Wednesday, June 26, 2002


Citizens, even bad citizens, don't disappear into the gulag in the United States of America. At least they're not supposed to.
Yet, it is happening. Twice that we know of.
The first was Yaser Hamdi, 21, who was captured in Afghanistan and sent to Guantanamo Bay, Cuba. When it turned out he may be an American, he was shipped to a Navy brig in Norfolk, Va., where he has been held incommunicado.
A U.S. magistrate appointed a lawyer for Hamdi. The Justice Department refused to let the lawyer meet with Hamdi. A federal district judge twice ordered that a public defender be given free and private access to Hamdi. The department is appealing that order and seeking to prevent Hamdi from appearing before a judge.

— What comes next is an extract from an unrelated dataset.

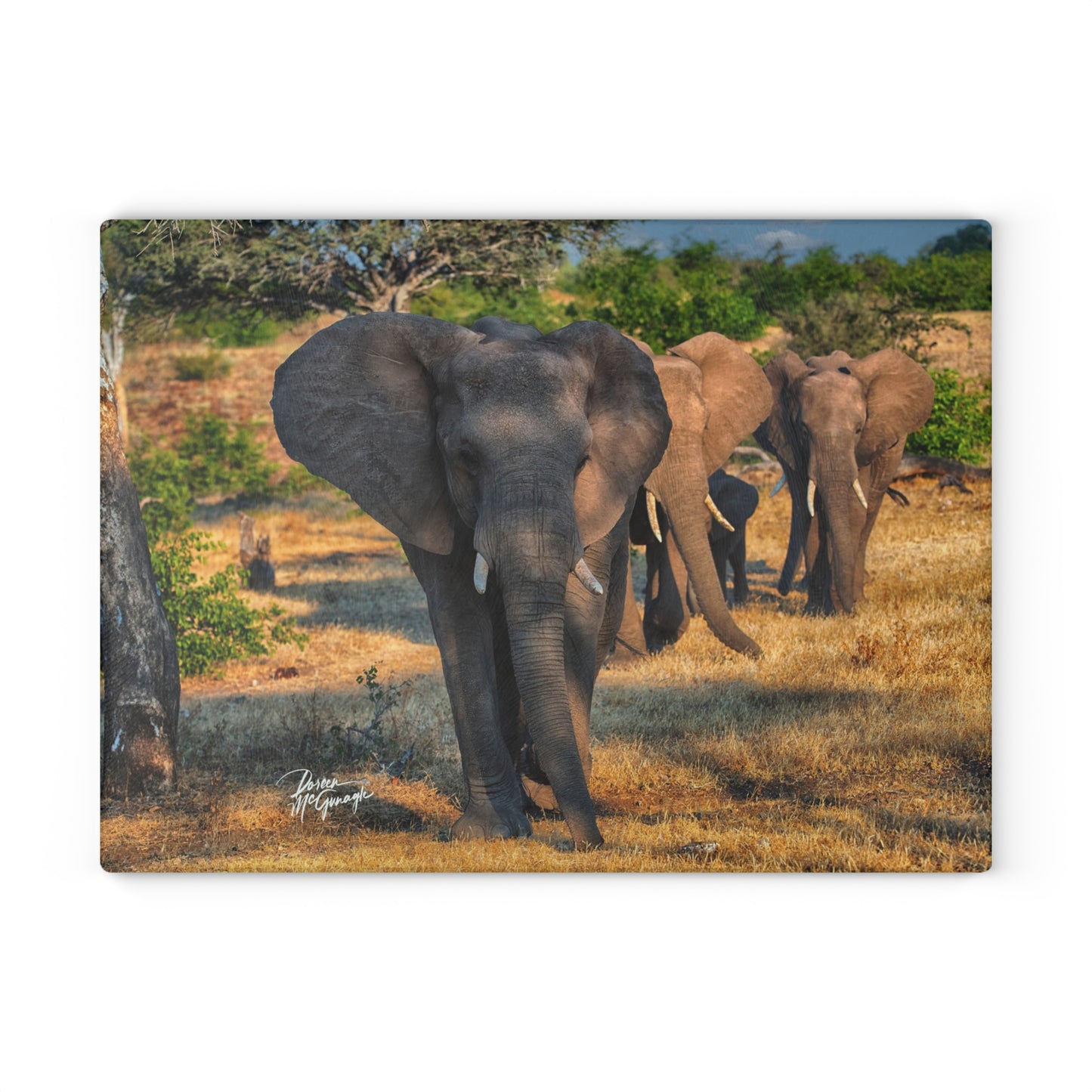 Enjoy Nature Glass Charcuterie Cutting Board with Elephant Family Design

The Bush administration is asserting a right to imprison an American citizen indefinitely, without access to a court or a lawyer, simply by designating the citizen an "enemy combatant," a phrase with a very thin legal history.
It appears in a 1942 Supreme Court of the United States ruling in the case of an American citizen who was apprehended serving with a Nazi submarine crew off the U.S. coast.

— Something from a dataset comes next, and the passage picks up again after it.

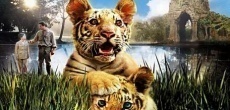 фильмы семейные про тигров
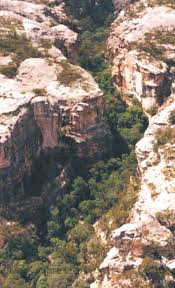 Image result for Buchnera longispicata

The court wrote that "an enemy combatant who without uniform comes secretly through the lines for the purpose of waging war by destruction of life or property [would not be] entitled to the status of prisoner of war, but ... [would be] subject to trial and punishment by military tribunals."
Something is missing
But while the United States was attacked Sept. 11, and while the "war on terrorism" has become a household phrase, the nation is not today in a state of declared war. That's more than a technicality.
We are a nation of laws. The president, his attorney general and his military commanders can't simply declare people "enemy combatants" and give them no chance to have legal counsel, to challenge the designation or appear before a judge.

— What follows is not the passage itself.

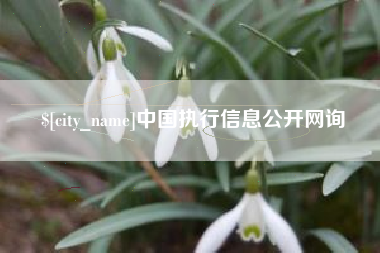 大丰中国执行信息公开网询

Now comes the second case, that of Jose Padilla, 31, whom the Justice Department accuses of plotting to set off a "dirty bomb." Padilla, a native-born American arrested in Chicago, is also being held incommunicado in a military cell, without a lawyer or the right to see a judge.
And while the Justice Department might have evidence that he has consorted with Al-Qaida operatives, it's a stretch to say he came "secretly through enemy lines" to use the Supreme Court's language. He flew into Chicago.
Padilla, an ex-convict and converted Muslim who also goes by the name of Abdullah al Muhajir, may indeed be a vicious turncoat who was part of a plot to set off a radiological bomb in the United States. Or maybe not.
The way such things are determined in this nation is through court proceedings.
The president, his cabinet and the entire military take an oath to protect the Constitution. There's no escape clause for when the nation gets jittery.